Embora as condições materiais para libertação do ser humano da estrutura de dominação e exploração há muito em curso existam de fato, Marcuse percebe a crescente impotência e ineficácia da crítica às formas predominantes de organização da vida. As acusações são absorvidas, encontram aplausos e acolhimento em nichos de mercado no próprio sistema que acusam. A assimilação progressiva de qualquer posição contestadora leva a cultura a perceber a necessidade de quebrar o encanto produzido pela padronização e pelas falsas promessas de inclusão no poder vencedor.

Nessa luta, Marcuse aposta em Eros. A pulsão erótica preserva o conteúdo material da liberdade e se revolta contra as tentativas de submetê-la a formas compatíveis com a ordem repressora. Ainda que Eros seja apolítico, ou não imediatamente político, é fácil perceber sua comunhão com a mais radical das metas políticas, com a libertação.
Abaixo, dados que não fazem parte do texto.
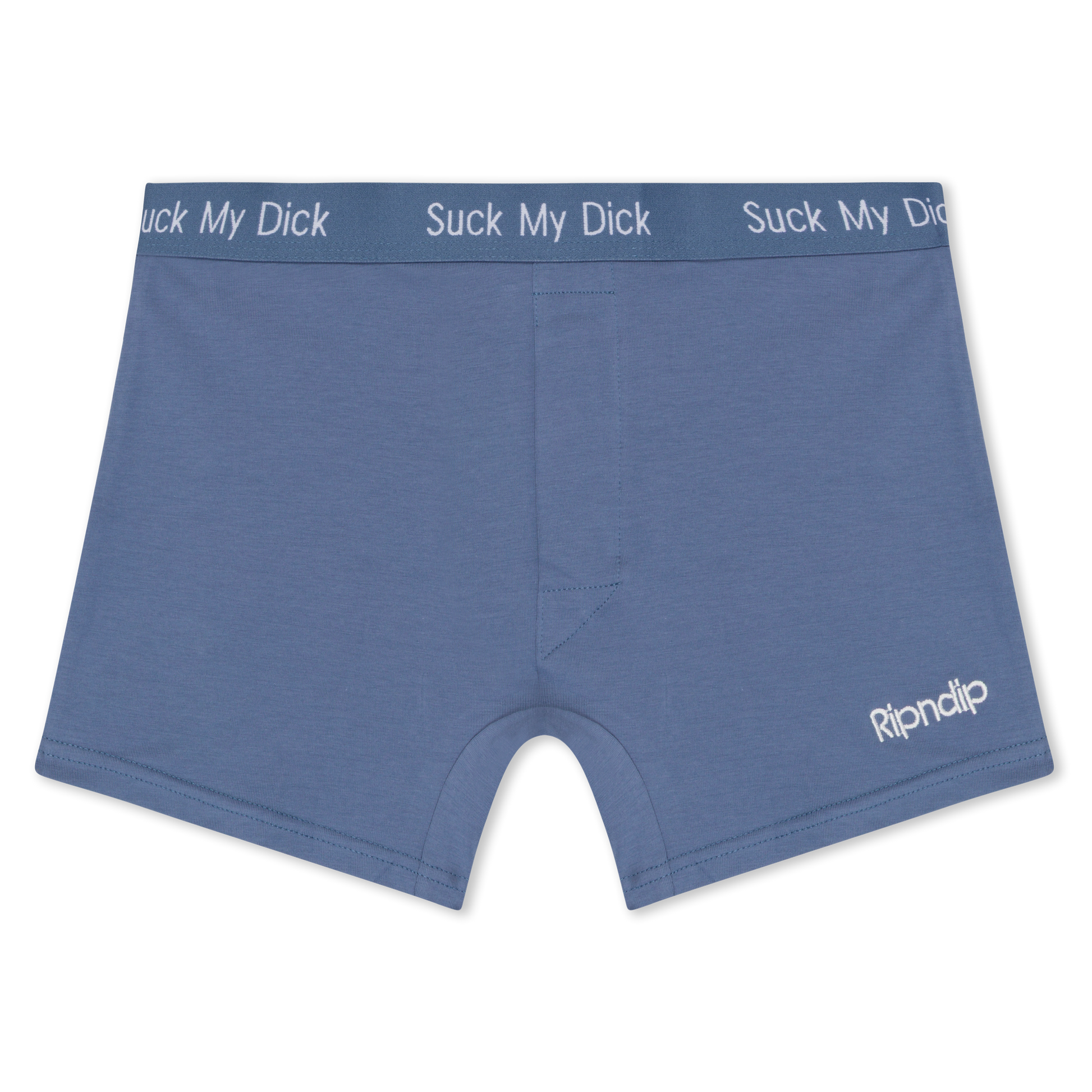 RIPNDIP SMD Boxers (Slate)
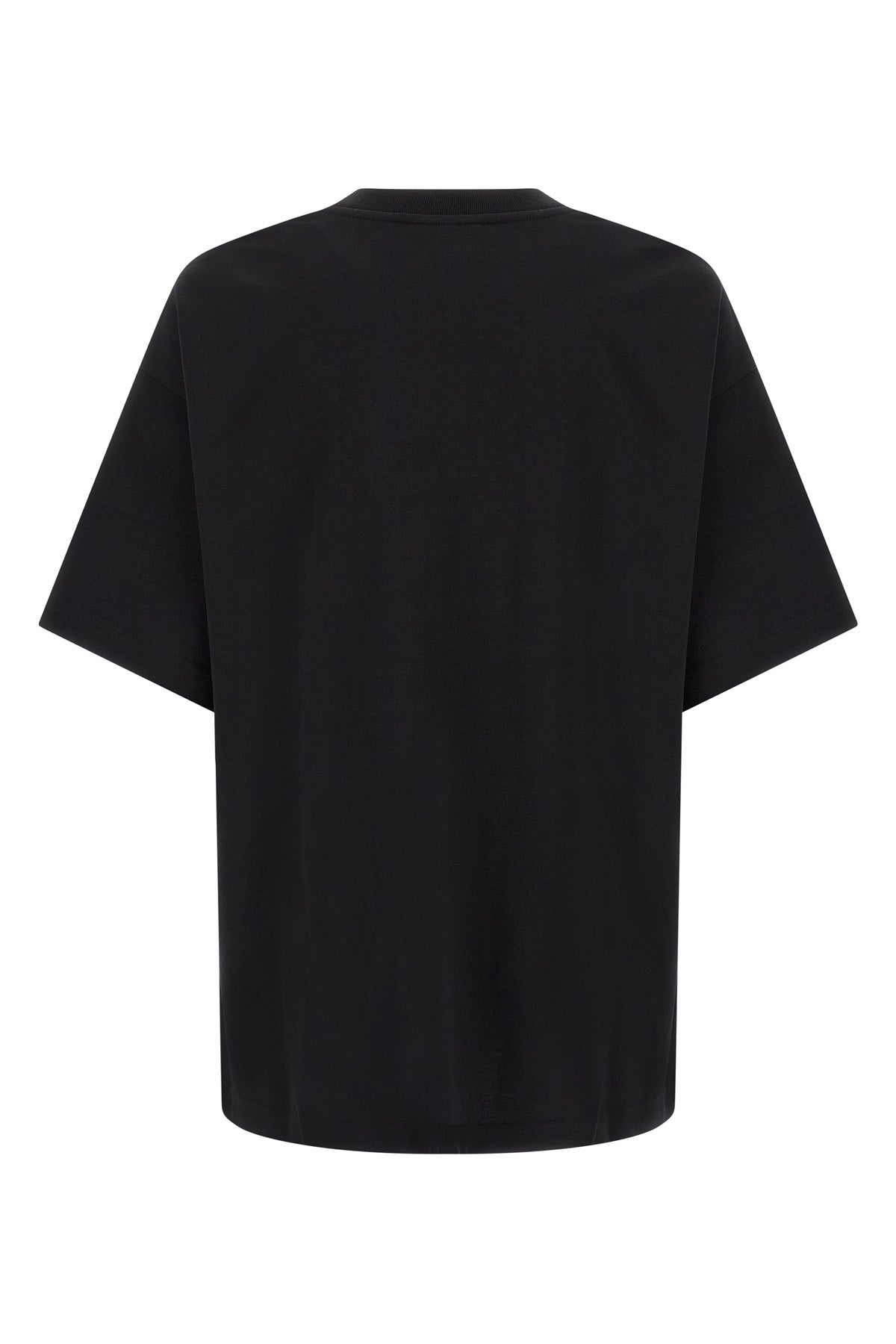 the casablanca oversize t-shirt
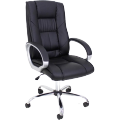 Офисное кресло BX-1130 Black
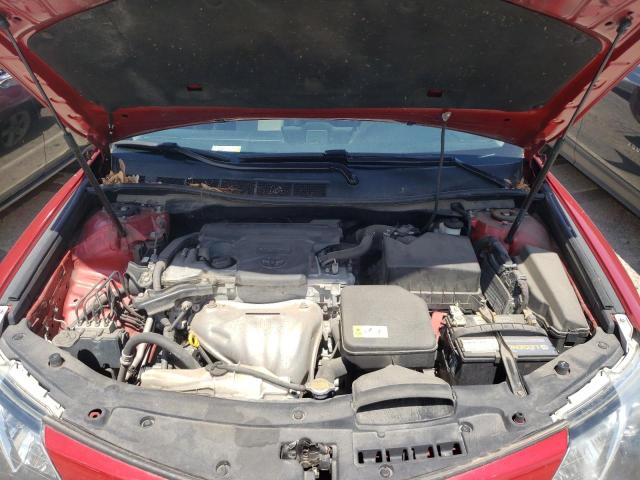 Photo 7 from auction – 2012 TOYOTA CAMRY BASE with VIN 4T1BF1FK1CU555702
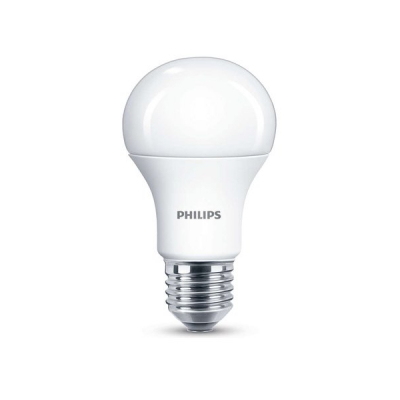 Bec cu LED Philips A60 13W 100W E27 WW 2700K 1521LM MNR8424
De Platão a Bataille e além, as teorias sobre erotismo implicam sempre a ação de sair de si, o êxtase, a “mania” grega, o rompimento e a ultrapassagem do princípio de individuação. Nesse movimento, Eros encontra-se com a arte, também agente produtora de arrebatamento. E em Eros, arte e política encontram seu denominador comum, considera Marcuse.

“Hoje a luta pela vida, a luta por Eros, é a luta política”, escreve Marcuse (itálico dele), no Prefácio de 1966 a seu livro Eros e Civilização, mais de uma década depois da primeira publicação do texto. Pulando mais algumas décadas, no momento atual, quando a pandemia desmascara a necropolítica regente, parece ainda mais urgente lutar por e com Eros.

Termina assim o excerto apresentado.